Let $$\vec{v} = \alpha\hat{i} + 2\hat{j} - 3\hat{k}$$, $$\vec{w} = 2\alpha\hat{i} + \hat{j} - \hat{k}$$, and $$\vec{u}$$ be a vector such that $$|\vec{u}| = \alpha > 0$$. If the minimum value of the scalar triple product $$[\vec{u} \quad \vec{v} \quad \vec{w}]$$ is $$-\alpha\sqrt{3401}$$, and $$|\vec{u} \cdot \hat{i}|^2 = \frac{m}{n}$$ where $$m$$ and $$n$$ are coprime natural numbers, then $$m + n$$ is equal to _____.

The scalar triple product $$[\vec{u}\;\vec{v}\;\vec{w}] = \vec{u} \cdot (\vec{v} \times \vec{w})$$.

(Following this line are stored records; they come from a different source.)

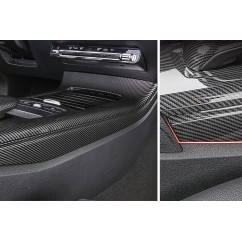 Inserts carbone console centrale Mercedes Classe A W177 V177 (18+)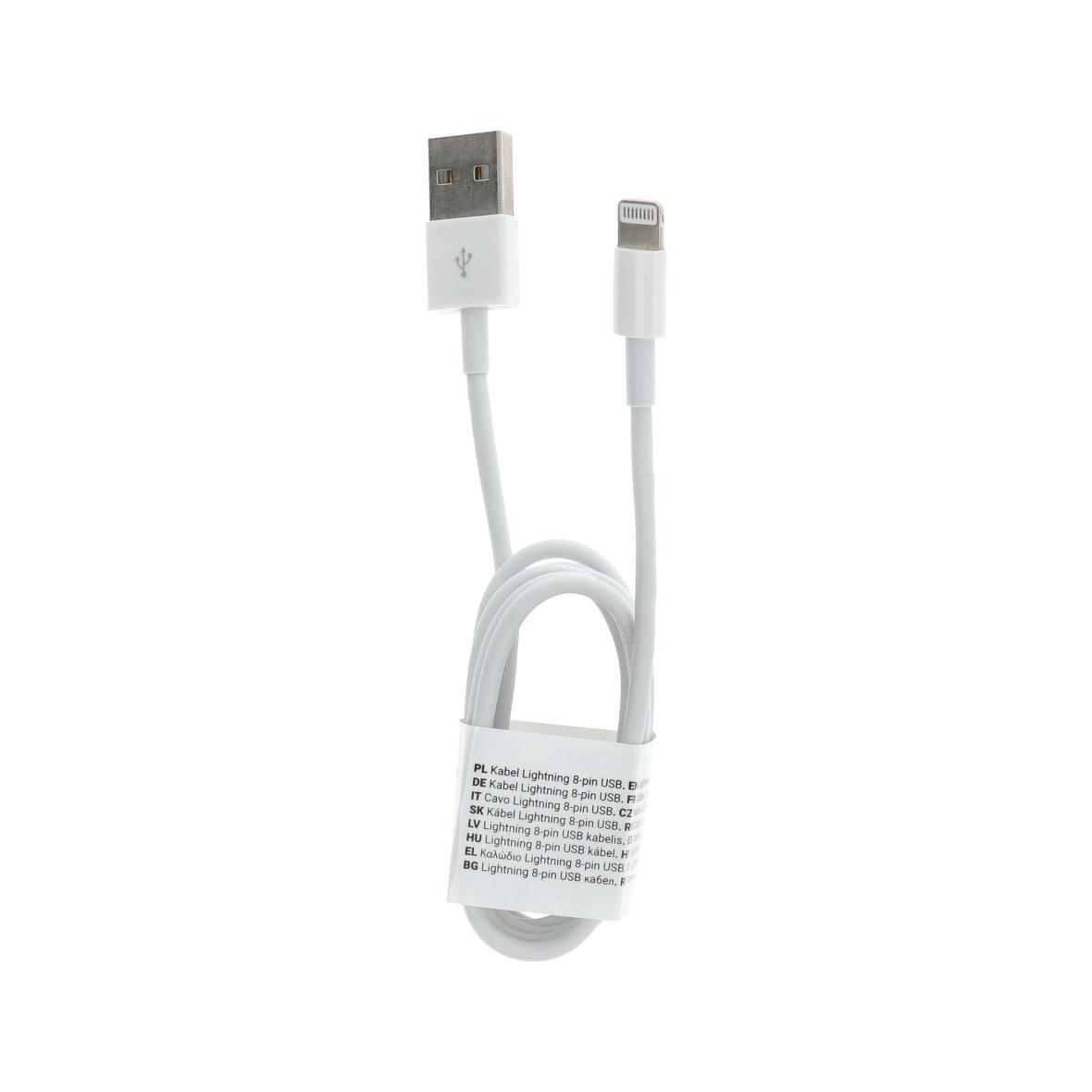 Kabel USB A do Lightning C601 1 m biały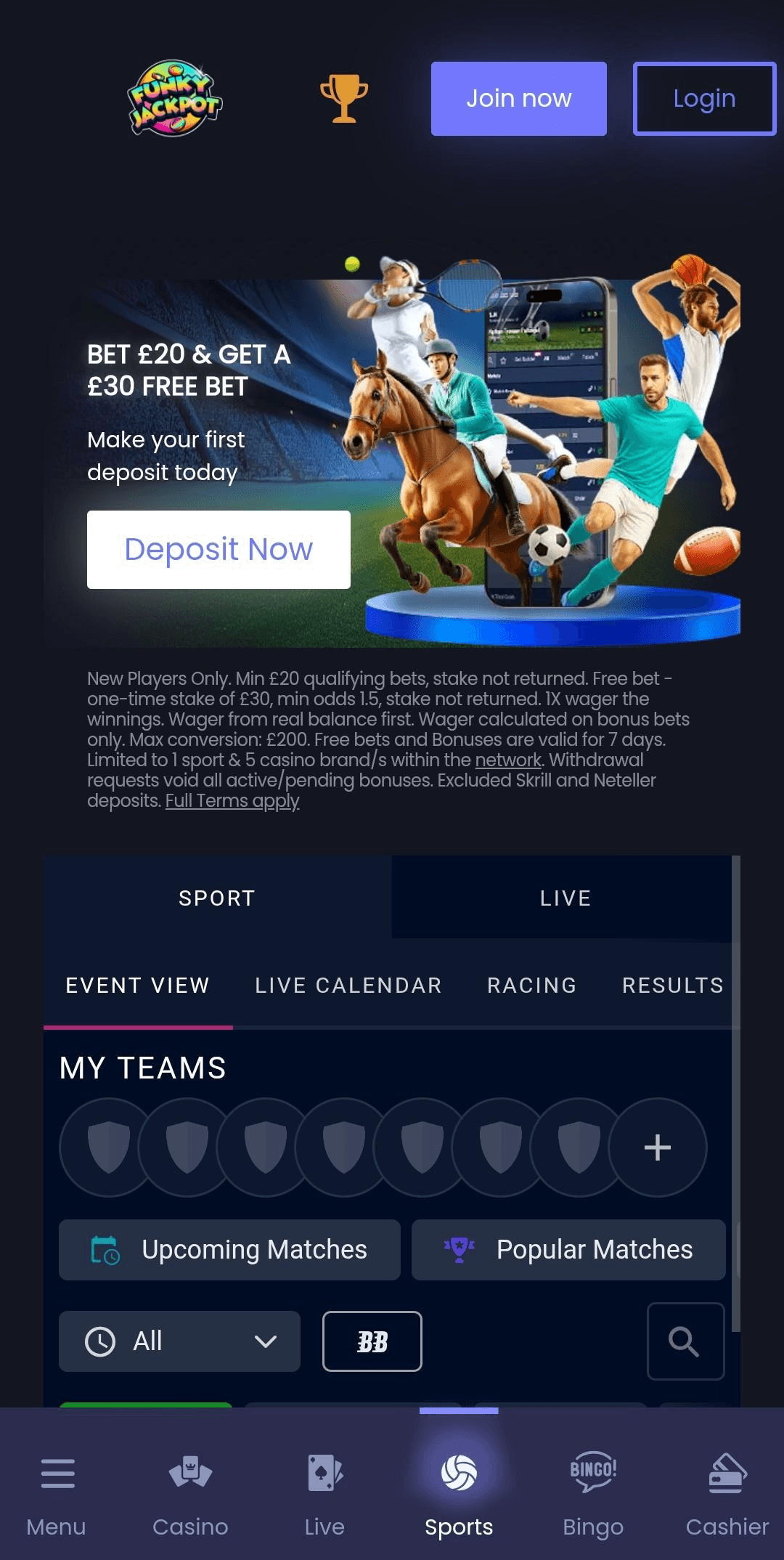 Visit The Funky Jackpot Website 1e5387fb9a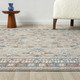 LR Home Vista 82643 Beige Rust Rug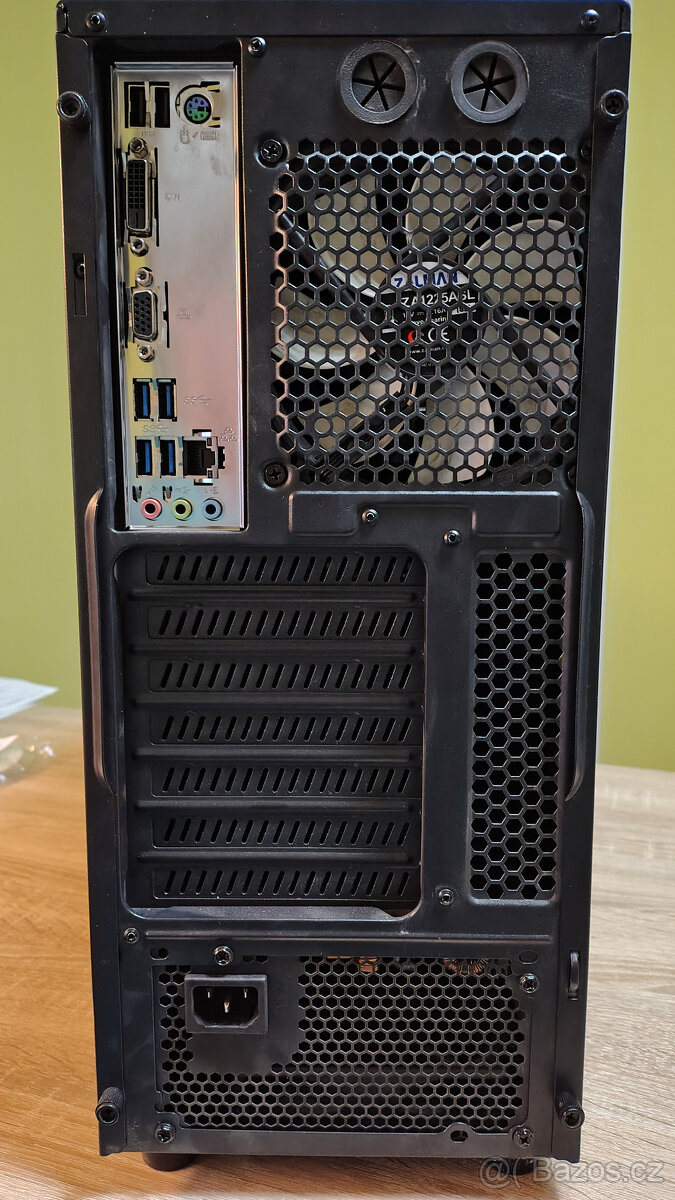 PC Ryzen 3 2200G/16Gb/250Gb SSD+1Tb Hdd - 2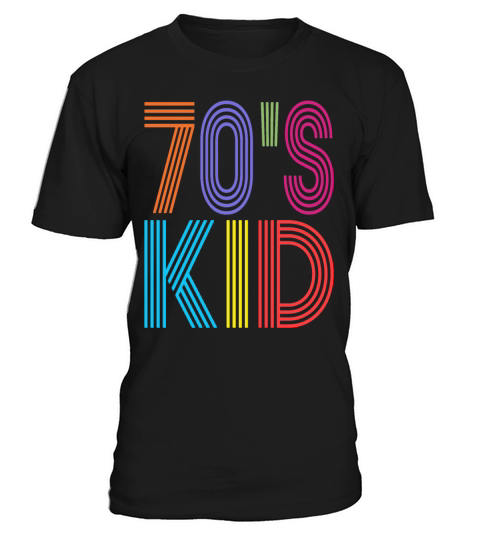 70s Kid Vintage Costume T-Shirt Unisex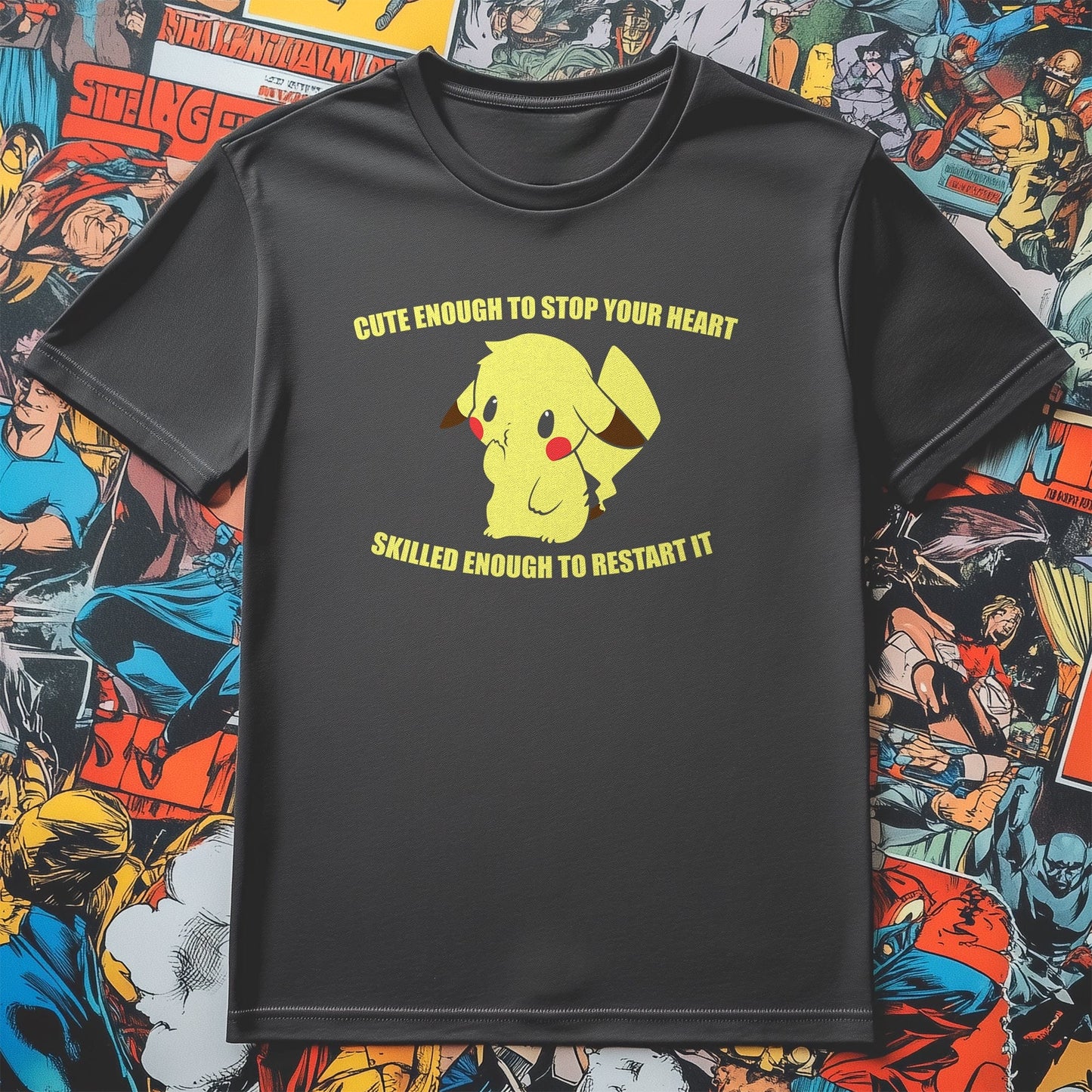 Cute Pika T-Shirt - Adorably Funny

First, compute $$\vec{v}\times\vec{w}$$ by evaluating the determinant $$\begin{vmatrix}\hat{i}&\hat{j}&\hat{k}\\\alpha&2&-3\\2\alpha&1&-1\end{vmatrix}$$, yielding $$\hat{i}(1)-\hat{j}(5\alpha)+\hat{k}(-3\alpha)=\langle1,-5\alpha,-3\alpha\rangle$$.

By Cauchy-Schwarz, the minimum of $$\vec{u}\cdot\vec{n}$$ subject to $$|\vec{u}|=\alpha$$ is $$-\alpha|\vec{n}|$$.

Since $$|\vec{n}|=\sqrt{1+25\alpha^2+9\alpha^2}=\sqrt{1+34\alpha^2}$$, setting $$-\alpha\sqrt{1+34\alpha^2}=-\alpha\sqrt{3401}$$ gives $$1+34\alpha^2=3401$$, so $$\alpha^2=100$$ and $$\alpha=10$$.

The minimum occurs when $$\vec{u}=-\frac{\alpha}{|\vec{n}|}\vec{n}$$, hence $$\vec{u}\cdot\hat{i}=-\frac{10}{\sqrt{3401}}\cdot1$$, which implies $$|\vec{u}\cdot\hat{i}|^2=\frac{100}{3401}$$.

Since $$\gcd(100,3401)=1$$ (as $$3401=19\times179$$), we set $$m=100$$ and $$n=3401$$, yielding

$$m+n=\boxed{3501}$$.